Defense Secretary Donald Rumsfeld maintains the U.N. inspectors are not in Iraq to make any discoveries, only to inspect sites and material they are directed to by Iraqi authorities.
"They're not in there to discover things and find things," he said. "They're in there to inspect things that the Iraqi government decides to disclose to them. That is what the job of an inspector is. This business that's being around, 'Oh, maybe they'll discover this and discover that,' that isn't what inspectors do."
Mr. Rumsfeld says there is no inconsistency between this belief and the U.S. decision to provide the inspectors with detailed intelligence and even U2 spy planes to carry out their work. He says that is a presidential decision in line with U.N. resolutions.
"Member states of the United Nations were asked, and we agreed, to provide appropriate assistance to see that those U.N.-mandated activities proceed. It's not complicated," he said.
But Mr. Rumsfeld holds out little hope that the inspectors will find anything startling, a so-called "smoking gun," that provides clear evidence Iraq has programs for weapons of mass destruction.
He says one possible problem is that any intelligence information may be mishandled. "Well if, as you give somebody information, it then finds its way to the Iraqis before the inspectors arrive, you might very well not find something," he said.

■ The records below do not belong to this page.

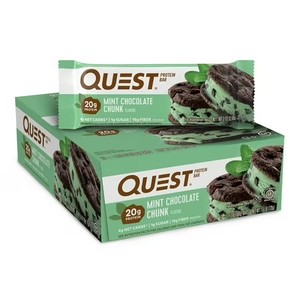 lot 4078 image: Quest Protein Bar, Mint Chocolate Chunk, 20 g Protein, 12 Count. BB JAN 2027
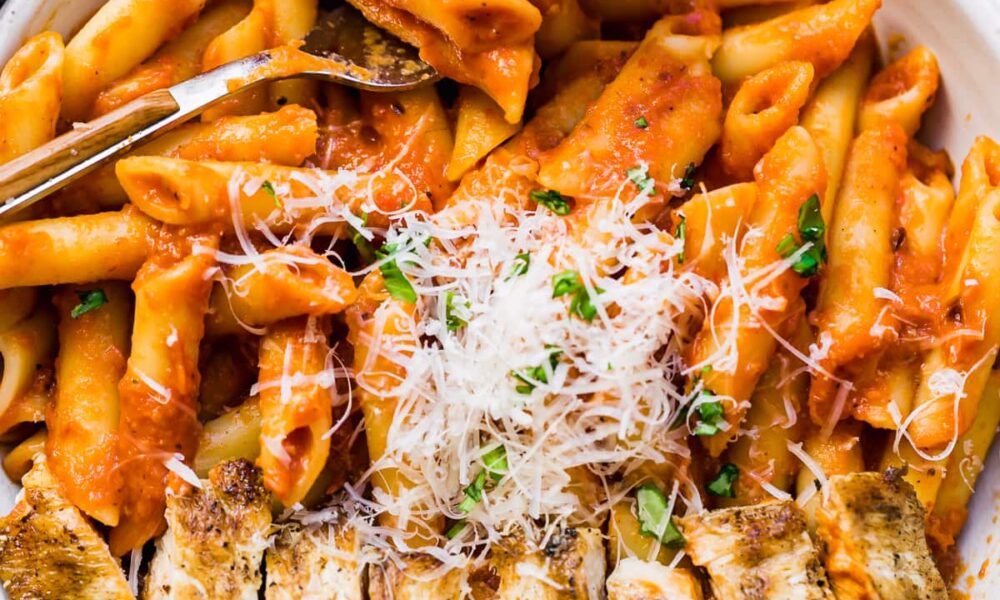 Penne alla Vodka with Rooster (Excessive Protein)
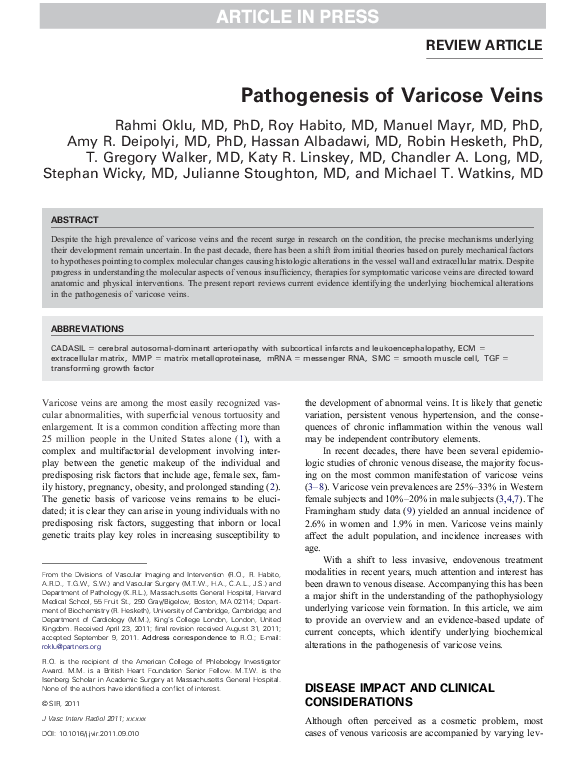 (PDF) Pathogenesis of varicose veins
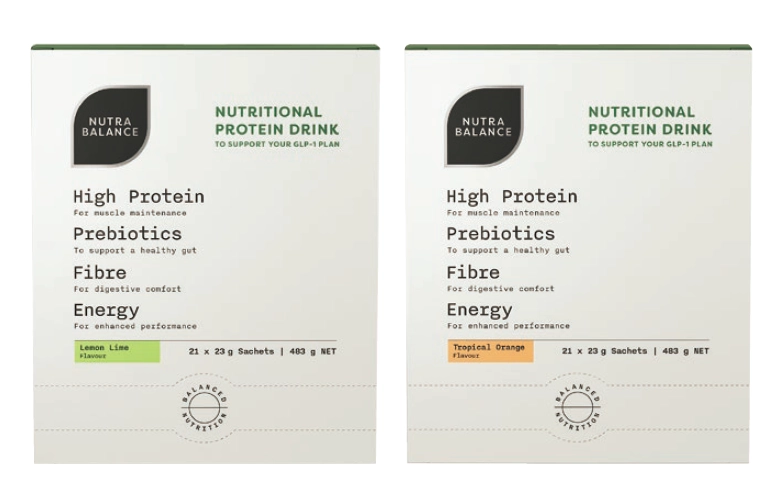 Nutrabalance Nutritional Protein Drink Lemon Lime or Tropical Orange 21 Sachets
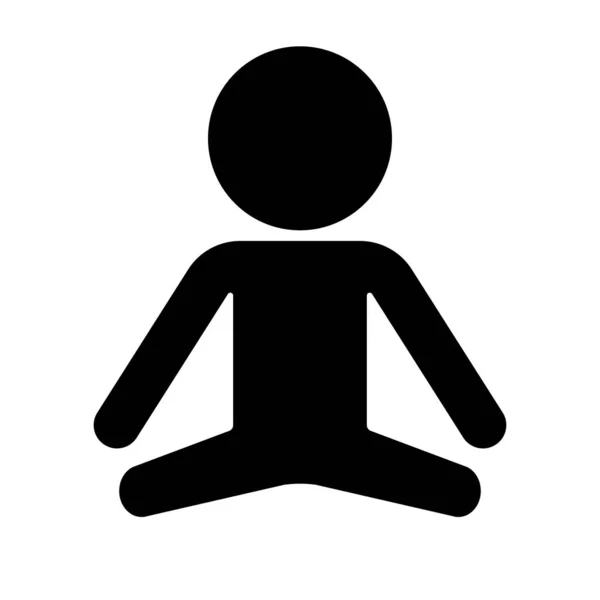 Icono Silueta Una Persona Meditando Concentración Vector Editable — Archivo Imágenes Vectoriales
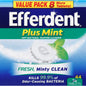 Efferdent Denture Cleanser tablets by Pasteur Pharmacy, antibacterial denture cleaner with mint, in a value pack for oral care.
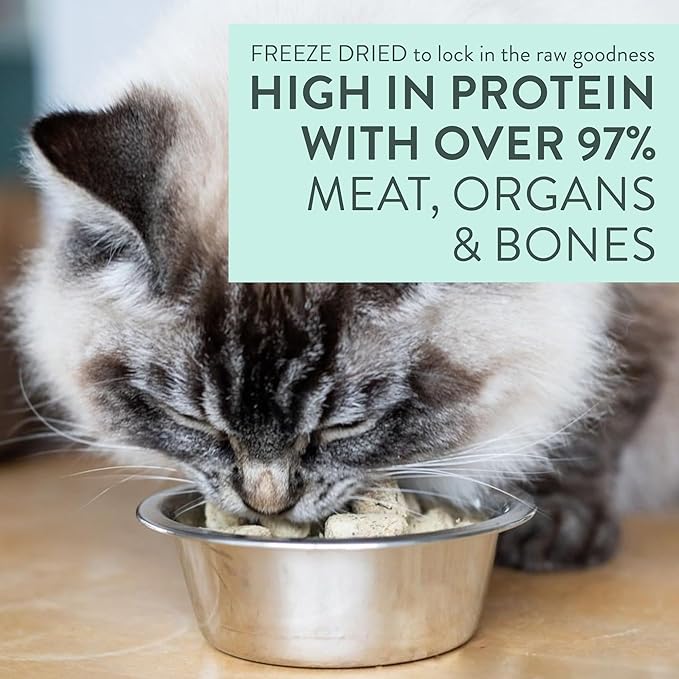 The New Zealand Natural Pet Food Co. Meow Freeze Dried Cat Food - Lamb & Hoki Recipe, High Protein Treats, Meals & Toppers, Dry Cat Food, 9.9 oz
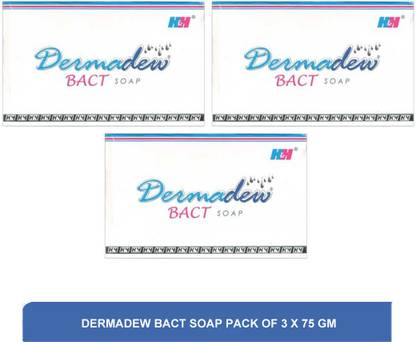 Dermadew BACT Soap - acne antibacterial soap(pack of 3)75g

But even if information is not compromised, Mr. Rumsfeld says, discoveries are still hard to come by, largely, he says, because of Iraq's well-developed concealment programs.
He says he continues to believe that any breakthroughs are more likely to come from Iraqi defectors. "I honestly believe that the way information is gained is through defectors and through people that are taken out of a country with their families, and given a chance to tell the truth," he said. "And in the event that information like something approximating a smoking gun, smoking gun is to be found, it will, I suspect, be via that route."
Coincidentally, on the same day U.N. inspectors found the empty chemical warheads, they also carried out their first surprise visits to the residences of Iraqi scientists.
In one instance, after what was an apparently heated discussion with Iraqi officials, an Iraqi scientist carrying a large box of documents left with the inspectors.